Menuju konten utama
Debat Cawapres 2019

Debat Cawapres yang Minim Debat

Selama dua jam lebih berada di panggung Debat Cawapres 2019, Ma’ruf Amin dan Sandiaga Uno kebanyakan ceramah, minim debat.

Debat Cawapres yang Minim Debat
Ma'ruf Amin dan Sandiaga Uno saat Debat Ketiga Pilpres di Hotel Sultan, Jakarta, Minggu (17/3/2019). Keduanya saling menjaga diri sehingga apa yang disebut

tirto.id - Debat cawapres pada 17 Maret 2019 untuk pertama kali mempertemukan Ma'ruf Amin dan Sandiaga Uno. Debat kali ini bisa disebut bukan debat. Sepanjang pengamatan selama debat, kami hanya menangkap dua momen yang bisa disebut perdebatan. Selebihnya, masing-masing calon wakil presiden hanya monolog tentang program-programnya yang juga tidak baru-baru amat.

Ketika diberi kesempatan menanggapi, Ma’ruf Amin dan Sandiaga Uno jarang menggunakannya untuk benar-benar berdebat melainkan hanya bercerita tentang apa yang ingin mereka lakukan. Seperti menonton kampanye dua kubu dalam waktu bersamaan.

Perdebatan pertama baru terjadi di segmen ke-2 ketika keduanya menjawab pertanyaan panelis tentang tema pendidikan.

"Sementara ini memang dana riset terbagi di kementerian dan lembaga. Tetapi nanti akan kita satukan supaya menjadi satu koordinasi dan akan kami bentuk Badan Riset Nasional," ujar Ma’ruf Amin menjawab pertanyaan soal komitmen untuk peningkatan riset.

"Menambah jumlah lembaga yang menangani bidang riset, menurut pemahaman kami nyuwun sewu Pak Kiai, menambah juga birokrasi," bantah Sandi.

“Badan Riset Nasional bukan menambah lembaga-lembaga tapi mengefisienkan lembaga, menyatukan lembaga-lembaga yang ada menjadi satu lembaga yang menangani riset, karena itu penanganan riset menjadi lebih efektif,” jawab Ma’ruf.

Perdebatan kembali terjadi dalam sesi Debat Terbuka di segmen empat ketika ada pertanyaan soal "sedekah putih" dari Ma’ruf ke Sandi. Pertanyaan yang tentu sudah disiapkan sejak sebelum debat. Selama debat berjalan, Ma’ruf memang tampak berkali-kali melihat contekan.

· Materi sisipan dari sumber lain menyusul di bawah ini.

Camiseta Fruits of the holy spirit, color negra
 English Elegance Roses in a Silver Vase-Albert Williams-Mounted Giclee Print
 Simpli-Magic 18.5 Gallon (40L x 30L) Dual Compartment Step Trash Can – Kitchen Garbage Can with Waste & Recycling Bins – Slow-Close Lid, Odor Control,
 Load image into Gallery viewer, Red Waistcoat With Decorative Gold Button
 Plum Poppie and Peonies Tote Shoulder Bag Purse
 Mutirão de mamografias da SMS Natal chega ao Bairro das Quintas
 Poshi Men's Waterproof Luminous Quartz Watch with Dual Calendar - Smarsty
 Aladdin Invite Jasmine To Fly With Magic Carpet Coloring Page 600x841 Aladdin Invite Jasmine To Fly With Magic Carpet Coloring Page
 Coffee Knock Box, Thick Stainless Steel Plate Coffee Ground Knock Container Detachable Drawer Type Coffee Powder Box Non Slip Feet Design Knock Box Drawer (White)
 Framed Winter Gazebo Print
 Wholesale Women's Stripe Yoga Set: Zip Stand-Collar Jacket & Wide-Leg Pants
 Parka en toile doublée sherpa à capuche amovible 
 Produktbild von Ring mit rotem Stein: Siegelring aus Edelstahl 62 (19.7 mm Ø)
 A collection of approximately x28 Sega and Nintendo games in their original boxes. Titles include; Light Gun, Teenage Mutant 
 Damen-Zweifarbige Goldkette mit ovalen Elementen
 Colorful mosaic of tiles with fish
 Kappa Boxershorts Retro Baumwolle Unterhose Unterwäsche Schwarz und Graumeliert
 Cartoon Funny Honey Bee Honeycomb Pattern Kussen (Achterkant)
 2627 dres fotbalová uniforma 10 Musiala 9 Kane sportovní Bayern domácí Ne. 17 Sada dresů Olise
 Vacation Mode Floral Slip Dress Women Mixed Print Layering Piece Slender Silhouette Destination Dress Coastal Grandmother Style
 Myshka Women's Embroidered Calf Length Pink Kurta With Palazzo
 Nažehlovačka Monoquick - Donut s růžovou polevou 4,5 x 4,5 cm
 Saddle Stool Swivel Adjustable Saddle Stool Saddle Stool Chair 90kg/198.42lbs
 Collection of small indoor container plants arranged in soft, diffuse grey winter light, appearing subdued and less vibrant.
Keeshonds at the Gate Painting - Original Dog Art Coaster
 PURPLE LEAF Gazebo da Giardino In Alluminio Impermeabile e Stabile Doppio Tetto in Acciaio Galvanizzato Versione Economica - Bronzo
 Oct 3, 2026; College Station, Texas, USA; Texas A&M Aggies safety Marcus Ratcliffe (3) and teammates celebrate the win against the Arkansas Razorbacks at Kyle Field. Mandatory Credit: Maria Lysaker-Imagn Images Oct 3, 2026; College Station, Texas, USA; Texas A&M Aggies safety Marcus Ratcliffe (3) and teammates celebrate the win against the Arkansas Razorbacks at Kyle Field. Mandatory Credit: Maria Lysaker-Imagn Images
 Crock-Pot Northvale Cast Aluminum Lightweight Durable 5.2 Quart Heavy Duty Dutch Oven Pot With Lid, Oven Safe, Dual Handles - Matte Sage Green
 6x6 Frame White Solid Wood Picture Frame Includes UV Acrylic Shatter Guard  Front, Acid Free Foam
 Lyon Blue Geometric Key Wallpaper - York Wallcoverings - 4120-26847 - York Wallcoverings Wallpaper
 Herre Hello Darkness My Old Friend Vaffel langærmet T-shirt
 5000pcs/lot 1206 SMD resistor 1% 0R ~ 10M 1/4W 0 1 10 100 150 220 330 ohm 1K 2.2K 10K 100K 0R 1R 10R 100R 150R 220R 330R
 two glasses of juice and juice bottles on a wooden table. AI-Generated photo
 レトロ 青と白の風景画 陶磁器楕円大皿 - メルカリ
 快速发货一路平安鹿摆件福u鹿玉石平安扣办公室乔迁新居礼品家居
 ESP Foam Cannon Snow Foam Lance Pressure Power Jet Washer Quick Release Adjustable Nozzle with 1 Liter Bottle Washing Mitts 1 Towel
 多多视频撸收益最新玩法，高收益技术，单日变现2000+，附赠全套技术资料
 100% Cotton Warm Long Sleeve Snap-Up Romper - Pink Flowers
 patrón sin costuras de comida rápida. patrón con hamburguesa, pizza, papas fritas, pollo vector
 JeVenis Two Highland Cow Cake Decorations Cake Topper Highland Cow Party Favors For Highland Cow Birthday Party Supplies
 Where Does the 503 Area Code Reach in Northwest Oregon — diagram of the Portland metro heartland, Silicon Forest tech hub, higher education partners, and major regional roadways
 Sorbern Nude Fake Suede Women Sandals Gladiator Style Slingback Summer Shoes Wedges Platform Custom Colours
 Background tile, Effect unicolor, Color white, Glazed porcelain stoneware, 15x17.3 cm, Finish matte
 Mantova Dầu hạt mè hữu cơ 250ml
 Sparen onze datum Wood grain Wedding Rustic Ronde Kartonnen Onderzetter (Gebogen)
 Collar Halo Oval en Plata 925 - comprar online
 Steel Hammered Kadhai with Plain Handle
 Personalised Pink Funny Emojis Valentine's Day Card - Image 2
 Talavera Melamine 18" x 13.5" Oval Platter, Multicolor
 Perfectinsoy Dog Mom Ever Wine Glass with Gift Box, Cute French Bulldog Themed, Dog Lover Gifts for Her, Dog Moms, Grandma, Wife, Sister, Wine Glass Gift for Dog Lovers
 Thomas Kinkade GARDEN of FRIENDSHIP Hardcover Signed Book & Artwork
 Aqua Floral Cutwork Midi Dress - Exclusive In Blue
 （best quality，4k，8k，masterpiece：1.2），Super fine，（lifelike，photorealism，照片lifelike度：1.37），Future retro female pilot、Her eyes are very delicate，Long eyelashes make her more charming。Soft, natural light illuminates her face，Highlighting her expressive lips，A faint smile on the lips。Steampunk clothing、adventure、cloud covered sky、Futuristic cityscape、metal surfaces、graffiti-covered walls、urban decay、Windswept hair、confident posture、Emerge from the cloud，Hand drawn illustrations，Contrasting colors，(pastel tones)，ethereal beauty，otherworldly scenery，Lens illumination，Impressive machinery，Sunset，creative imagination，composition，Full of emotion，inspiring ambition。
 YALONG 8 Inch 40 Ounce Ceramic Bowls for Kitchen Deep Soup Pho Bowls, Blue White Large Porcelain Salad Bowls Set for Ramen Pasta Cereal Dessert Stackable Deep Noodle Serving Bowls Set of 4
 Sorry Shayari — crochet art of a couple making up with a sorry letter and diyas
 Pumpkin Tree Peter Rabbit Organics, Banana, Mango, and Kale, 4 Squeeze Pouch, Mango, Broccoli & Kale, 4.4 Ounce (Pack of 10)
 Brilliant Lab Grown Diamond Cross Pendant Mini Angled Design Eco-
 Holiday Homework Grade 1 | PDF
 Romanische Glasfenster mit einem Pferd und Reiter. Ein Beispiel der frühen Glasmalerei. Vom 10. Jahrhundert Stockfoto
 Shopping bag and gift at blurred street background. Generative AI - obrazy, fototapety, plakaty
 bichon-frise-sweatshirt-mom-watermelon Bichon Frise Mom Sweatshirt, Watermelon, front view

Sedekah putih adalah salah satu program dari Prabowo-Sandi untuk mengatasi stunting. Ma’ruf sempat bilang bahwa program ini tidak tepat sebab membuat orang-orang salah sangka. Banyak yang mengira sedekah susu diberikan setelah ibu selesai menyusui, padahal gizi 1.000 hari pertama sejak kehamilanlah yang paling penting. Intinya, menurut Ma’ruf, program itu tidak relevan untuk memerangi stunting.

Sandi menjawab pertanyaan Ma’ruf dengan berbagi cerita tentang istrinya yang ASI-nya tidak lancar ketika menyusui anak bungsu mereka—Sulaiman. Istri Sandi tentu saja tak butuh sedekah susu. Sandi sebenarnya ingin bilang, sedekah putih ini akan berguna bagi para ibu yang tidak bisa memberikan ASI karena kondisi tertentu.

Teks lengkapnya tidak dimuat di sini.